# How long for to cure a concrete footing?



## jlhaslip

the next day if you can form the walls that quickly.


----------



## Jeremy Hillary Boob PhD

jlhaslip said:


> the next day if you can form the walls that quickly.


OK, thanks. It's going to be a few days...

Btw, how long should the forms stay on the wall after it's poured? Thanks.


----------



## jlhaslip

Where are you? And what is the weather like?
If it is above freezing, peel the forms 24 hours after the pour, remove them the next day following.
If it is below freezing, leave them in place for a few days with insulated tarps and heat as required based on weather conditions. The wall should not be without supplemental heat for a week.


----------



## Jeremy Hillary Boob PhD

jlhaslip said:


> Where are you? And what is the weather like?
> If it is above freezing, peel the forms 24 hours after the pour, remove them the next day following.
> If it is below freezing, leave them in place for a few days with insulated tarps and heat as required based on weather conditions. The wall should not be without supplemental heat for a week.

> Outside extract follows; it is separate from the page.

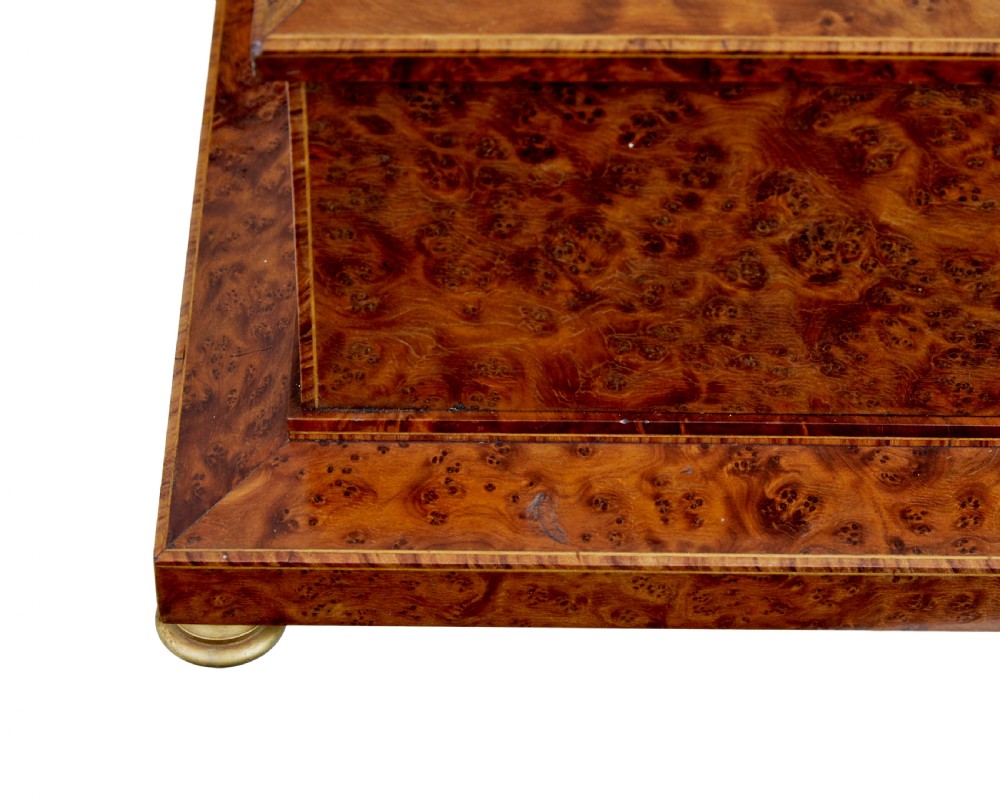 An early 20th-century burr yew desktop box featuring a circular clock face on the front, gilt brass top ornamentation, and brass feet. View IX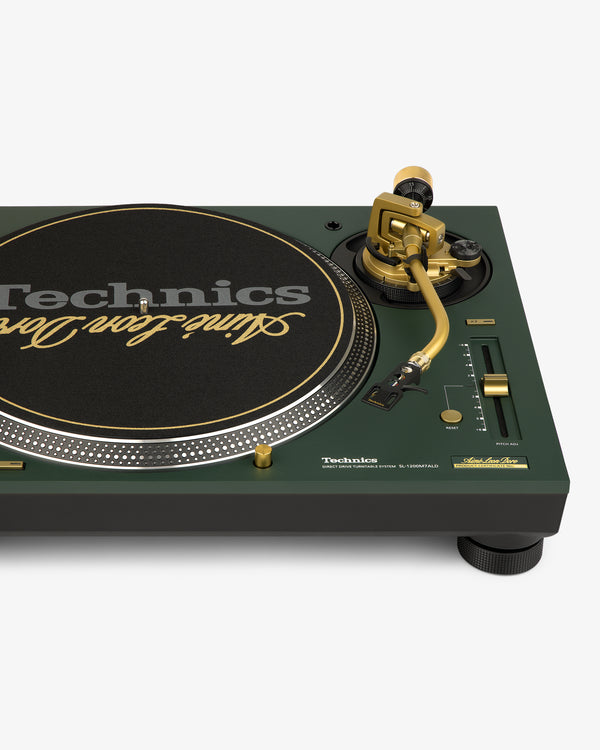 Close-up of an ALD / Technics SL-1200M7ALD Turntable in green and gold with a branded slipmat and control knobs.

I'm in California---definitely above freezing here. What do you mean by "peel the forms"? Thanks yet again.


----------



## jlhaslip

"peel the forms" means to loosen them off the concrete, but don't remove them yet. 
Undo the whalers and pull the forms off the concrete so they can breathe. The pour will be too soft to pull the forms because usually the tools will leave marks on the concrete. At least that is how we usually do it here. Your mileage may vary. We also use High-Early in the mixture to stiffen them up faster.


----------



## wnabcptrNH

what does letting concrete "breath" mean?

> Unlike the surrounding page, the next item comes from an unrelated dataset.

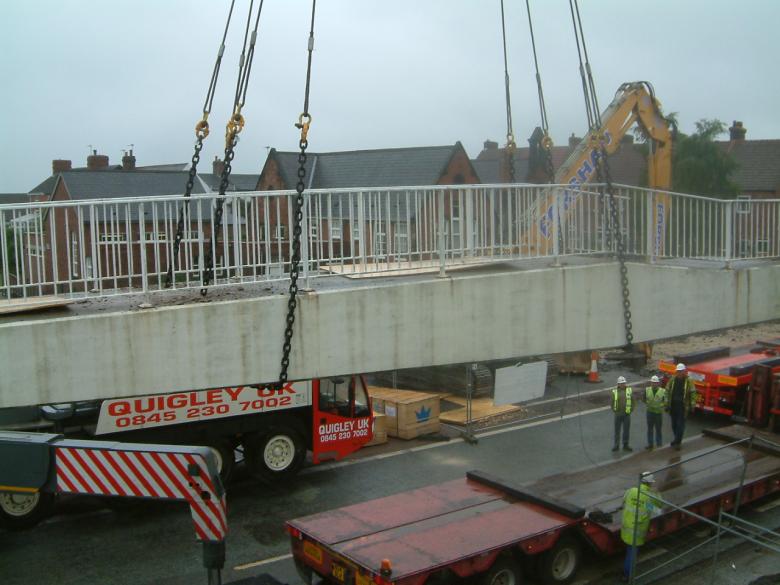 East span being lifted out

Concrete cures based on a chemical reaction that does not require air so I am not sure exactly what that is supposed to mean. When taking concrete cylinders for test they are poured in and capped and then tested at whatever day (7, 14, 28 etc). So they don't get to "breath" persay and they achieve their strengths just fine. 

Most concrete achieves 40-50% of its strength (1500 PSI if its 3000 mix and 2000 for a 4000 mix) within 48 hours. 

The reason most concrete guys like to pull forms the following day is so they can move onto the next job with their forms and the concrete will continue to strengthen. Most concrete these days doesnt need 28 days to come to full strength and most achieve it in 14 or so days.

That being said people pour walls and within days are already building on it. The reason for this is because framing a house takes time and the full weight of a house wont bare on it for most of the time a month. 

Now if you have a prefabbed house they suggest you wait till 21-28 days after the concrete if poured since full weight of the house is on it within a week.


----------



## concretemasonry

Retaining walls are different from homes.

For a retaining wall the wall should be well cured before backfilling. This is insure the steel and concrete are bonded together AND the wall and foundation are well bonded, especially the dowels from the footing to the wall.

This time delay and the cost are the reasons most similar retaining walls use SRW (segmenetal retaining wall block) since the excvations is less and no concrete footing is allowed. This method also allows almost immediate backfilling and less time for the excabation to fill with water if rains occur.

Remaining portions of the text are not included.